I used the trans-axel out of a 12 HP Sears machine, since the original trans-axel blew out while dragging scrap metal off of the State land next door.
I chained a car hood to the trailer ball and loaded it with scrap and dragged it to the trailer with this poor little machine.
It has a top speed of about 35 MPH now in 3rd gear!
When you get 'against' something too heavy, you stand up on the pegs and lean foreward! If the back tires 'bite', it will pull it!
OR, you can mow the grass.


----------



## dangeroustoys56 (Jul 26, 2010)

I think late 80's early 90's dynamark finally went out of business - the early models had heavy plastic grilles with steel hoods - later models had all plastic hoods . they had alot of off shoot models for other brands tho- like husky. Rarest model is a blue 'richard petty' model. Another rare option was a 'pickup box' that replaced the whole rear sheetmetal .

I like the dynamark tractors- easy to fix, hard working machines- best thing is the easy deck removal- one pin, pull the belt off and it slides right out- all self contained. Most are also all big square, block looking- gives em character i think compared to todays rounded off tractors.

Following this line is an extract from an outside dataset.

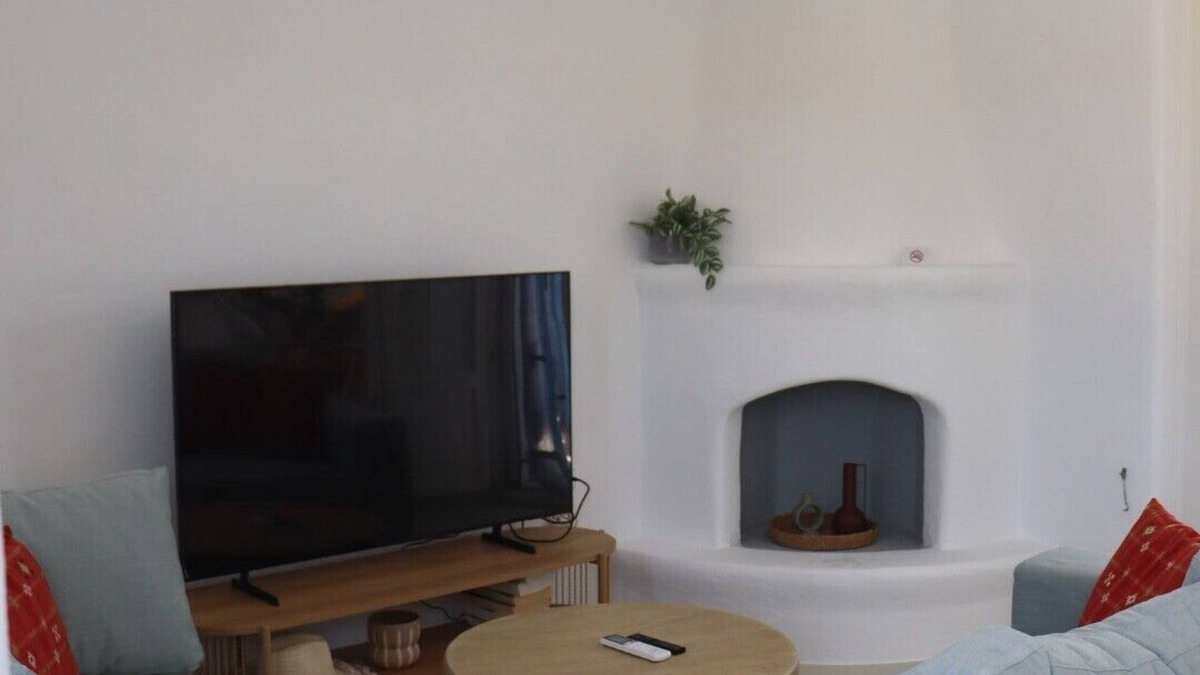 Ampelas Villa | 3-bedroom villa in superb Naousa with WiFi, AC. Live the Greek dream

I used to have 3 other dynamarks- a 5 HP 20" deck RER, a 12HP teccy 42" deck beast and a 10HP teccy with a rear discharge deck( all sold ), but at the moment i have still have 3 - an '82 11HP 36" deck, a '84 11HP 42" deck and a '88 kleen kut with a 18HP and 50" deck- the kleen kut is DOA at the moment- other 2 work awsome.

Id like to find more dynamarks sometime.


----------



## jhngardner367 (Apr 5, 2011)

Dynamark was,as others before it,absorbed by MTD Products,inthe late 1980's,and many parts can still be found for them.Here in Michigan,we have a motorcycle/snowmobile salvage yard ,and I often see them there.


----------



## wjjones (May 28, 2010)

dangeroustoys56 said:


> I think late 80's early 90's dynamark finally went out of business - the early models had heavy plastic grilles with steel hoods - later models had all plastic hoods . they had alot of off shoot models for other brands tho- like husky. Rarest model is a blue 'richard petty' model. Another rare option was a 'pickup box' that replaced the whole rear sheetmetal .
> 
> I like the dynamark tractors- easy to fix, hard working machines- best thing is the easy deck removal- one pin, pull the belt off and it slides right out- all self contained. Most are also all big square, block looking- gives em character i think compared to todays rounded off tractors.
> 
> ...


 They where tuff old mowers!


----------